Exercise prompt
Your answer should be a single number: the count of lines in the material below that hold "made".

Supplied material
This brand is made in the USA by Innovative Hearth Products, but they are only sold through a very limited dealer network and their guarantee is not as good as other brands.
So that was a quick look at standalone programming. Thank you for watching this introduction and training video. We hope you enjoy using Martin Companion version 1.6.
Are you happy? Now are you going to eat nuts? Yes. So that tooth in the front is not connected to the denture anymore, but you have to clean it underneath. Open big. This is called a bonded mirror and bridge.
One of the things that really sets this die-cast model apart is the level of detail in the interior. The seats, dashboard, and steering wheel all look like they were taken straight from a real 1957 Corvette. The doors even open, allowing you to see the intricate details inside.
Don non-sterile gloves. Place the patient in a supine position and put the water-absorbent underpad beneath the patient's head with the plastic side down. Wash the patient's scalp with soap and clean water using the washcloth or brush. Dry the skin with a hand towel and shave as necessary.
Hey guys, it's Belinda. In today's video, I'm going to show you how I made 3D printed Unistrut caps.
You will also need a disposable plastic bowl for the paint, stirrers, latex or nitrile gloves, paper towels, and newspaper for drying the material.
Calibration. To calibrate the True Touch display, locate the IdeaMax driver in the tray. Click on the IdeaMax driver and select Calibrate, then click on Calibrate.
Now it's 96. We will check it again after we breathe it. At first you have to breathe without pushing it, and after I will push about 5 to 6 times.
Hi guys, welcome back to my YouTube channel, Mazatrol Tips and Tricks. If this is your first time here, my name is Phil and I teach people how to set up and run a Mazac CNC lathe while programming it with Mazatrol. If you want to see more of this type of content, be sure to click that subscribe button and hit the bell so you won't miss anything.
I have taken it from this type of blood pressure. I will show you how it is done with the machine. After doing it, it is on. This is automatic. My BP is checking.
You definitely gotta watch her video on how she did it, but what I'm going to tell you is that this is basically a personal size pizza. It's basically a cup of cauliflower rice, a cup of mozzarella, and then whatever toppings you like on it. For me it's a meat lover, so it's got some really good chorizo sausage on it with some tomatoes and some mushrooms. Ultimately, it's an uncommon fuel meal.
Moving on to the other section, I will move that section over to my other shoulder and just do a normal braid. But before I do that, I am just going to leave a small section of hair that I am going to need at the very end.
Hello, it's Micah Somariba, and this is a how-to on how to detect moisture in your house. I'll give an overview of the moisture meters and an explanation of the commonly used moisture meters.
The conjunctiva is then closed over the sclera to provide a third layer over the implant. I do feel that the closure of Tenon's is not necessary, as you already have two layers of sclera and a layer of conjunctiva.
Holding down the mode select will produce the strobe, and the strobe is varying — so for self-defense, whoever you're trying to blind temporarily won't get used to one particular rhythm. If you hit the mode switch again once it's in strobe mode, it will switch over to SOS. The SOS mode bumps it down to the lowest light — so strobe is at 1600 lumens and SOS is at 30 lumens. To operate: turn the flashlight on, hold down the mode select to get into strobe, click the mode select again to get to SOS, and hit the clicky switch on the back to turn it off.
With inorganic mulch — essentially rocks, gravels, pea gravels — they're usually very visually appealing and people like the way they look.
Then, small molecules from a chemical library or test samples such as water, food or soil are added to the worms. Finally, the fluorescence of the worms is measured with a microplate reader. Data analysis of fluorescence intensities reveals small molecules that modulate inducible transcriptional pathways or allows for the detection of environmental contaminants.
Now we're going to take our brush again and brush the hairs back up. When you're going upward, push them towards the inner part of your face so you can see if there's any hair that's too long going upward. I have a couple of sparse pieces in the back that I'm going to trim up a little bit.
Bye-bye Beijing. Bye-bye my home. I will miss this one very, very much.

Result below
2